Dr Sally Holloway, Oxford Brookes University
In 2012 I came across a bundle of courtship letters in the Centre for Kentish Studies in Maidstone (now kept at the Kent History and Library Centre), exchanged by Elizabeth Jeffreys (c. 1724–79) and her suitor Charles Pratt (1714–94). In 1748, Elizabeth wrote to Charles describing the intensity of her feelings for him. She rhapsodised how:
My Love ingross’s all my time & thoughts I take no pleasures in anything, but thinking on you & hearing from you, writing I esteem one now tho it was formerly my aversion, but as you tell me it gives you pleasure, it becomes the same to me. I only wish I had a more fruitfull Brain to vary (as you do) my expressions, in giving you Proofs how much I love you.
Her fiancé was equally enamoured, musing the following year:
I have found Love, Ever since I knew any thing of it, to be ye most mysterious Passion of ye Mind, & almost perpetually clashing (pardon me for this blasphemy) with reason…This love is ye bond of all society, & production of all ye Good in this World.
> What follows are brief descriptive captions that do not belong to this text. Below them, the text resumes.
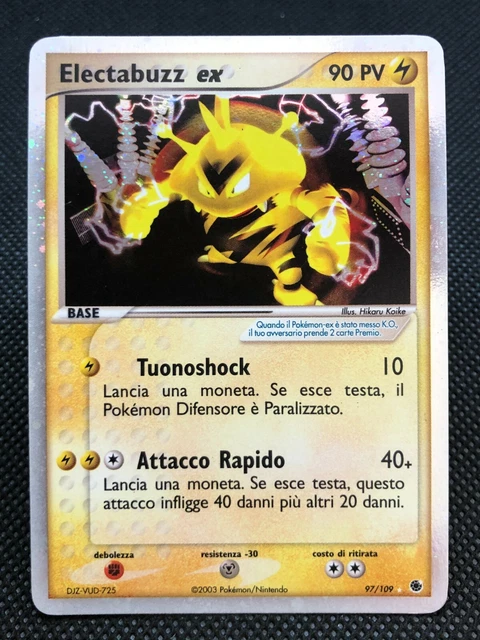Pokemon EX Ruby & Sapphire Electabuzz ex 97/109 EX Sandstorm Wailord ex 100/100 3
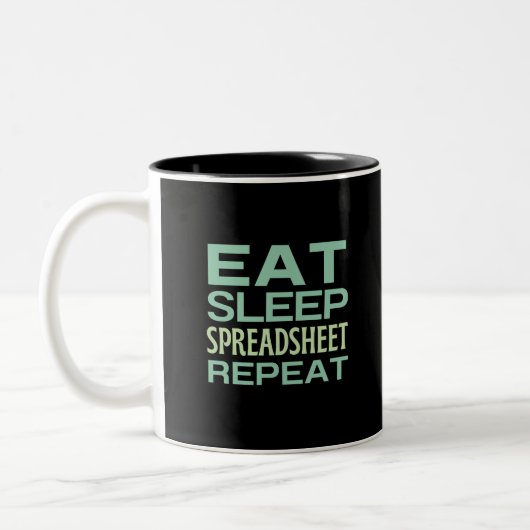 Eat Sleep Spreadsheet Herhaal Mok met tweetone kof (Links)
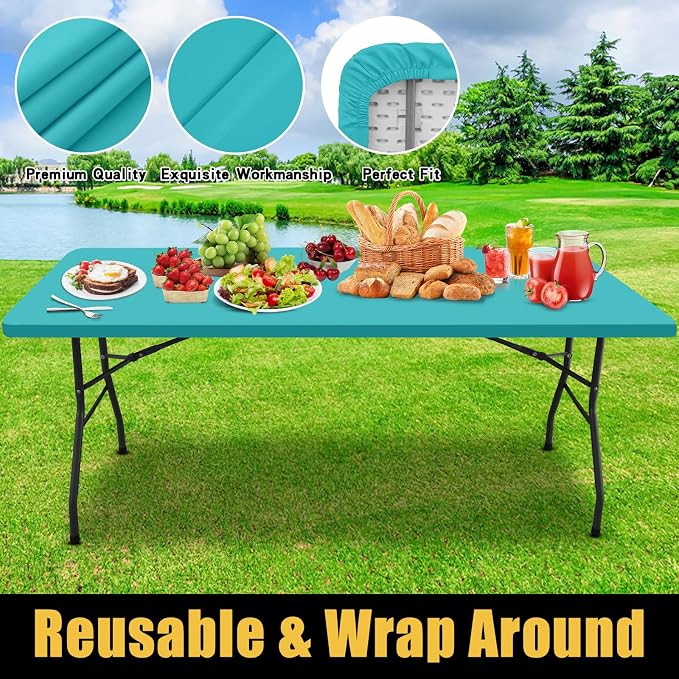 Smiry Rectangle Picnic Table Cloth, Waterproof Elastic Fitted Tablecloths for 4 Foot Tables, Washable Polyester Table Cover for Camping, Indoor and Outdoor (Turquoise, 30"x48")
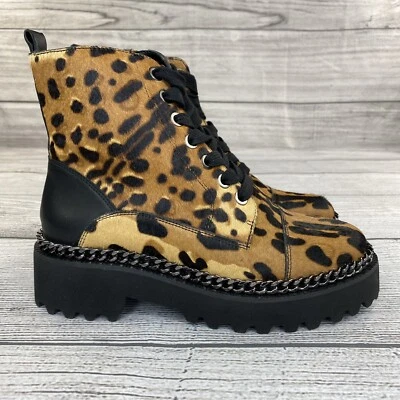 Botas Vince Camuto con estampado de leopardo para mujer talla 6 plataforma cremallera lateral pelo de becerro Foto 1 de 4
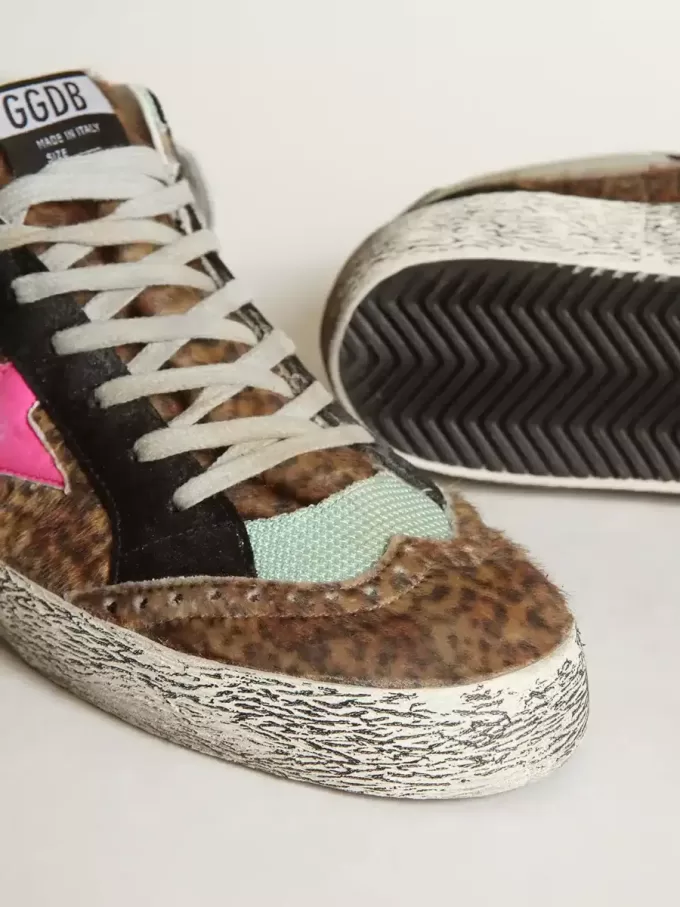 Mid Star din piele de ponei cu imprimeu leopard și stea din piele fucsia Mid Star din piele de ponei cu imprimeu leopard și stea din piele fucsia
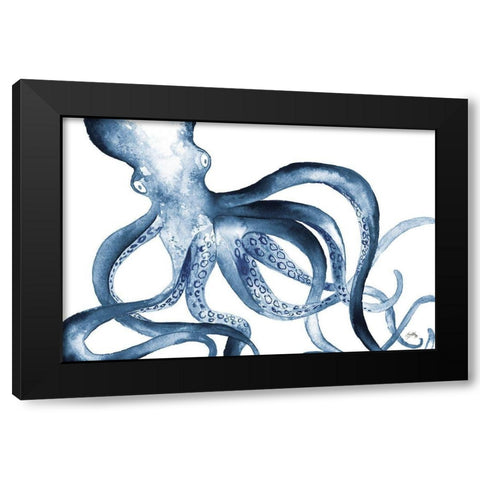 Octopus in the Blues Black Modern Wood Framed Art Print by Medley, Elizabeth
Charles was the third son of Lord Chief Justice Sir John Pratt, and had recently been admitted to Middle Temple himself. His fiancée Elizabeth was the daughter of the gentleman Nicholas Jeffreys, and heiress of Brecon Priory in Wales. It proved a prudent match for them both, with Charles later rising to Earl Camden. Nonetheless, it was the experience of love that they used to give structure and meaning to their relationship, as they anticipated – and advanced towards – the altar.
My new book explores how love was understood, valued, managed, and enacted by couples engaging in courtship in Georgian England. It asks, how did couples conceptualise and convey their emotions? How did they negotiate this potentially fraught period in the life cycle? How did they construct and deconstruct their relationships in words and objects? And what can this tell us about the meanings of love and marriage in Georgian England?
The book is centred around sixty courtships between a wide range of men and women, from servants to wheelwrights, lawyers to gentleman’s daughters. Evidence of these relationships has been preserved in thirty archives and museum collections, in letters, diaries, memoirs, poems, periodicals, newspaper reports, and court cases. Further important evidence comes from objects such as garters, gloves, locks of hair, miniature portraits, rings, snuffboxes and valentine cards. The book uses this evidence to explore how courting practices actively cultivated particular feelings, and the distinct languages and rituals that couples used when falling in and out of love.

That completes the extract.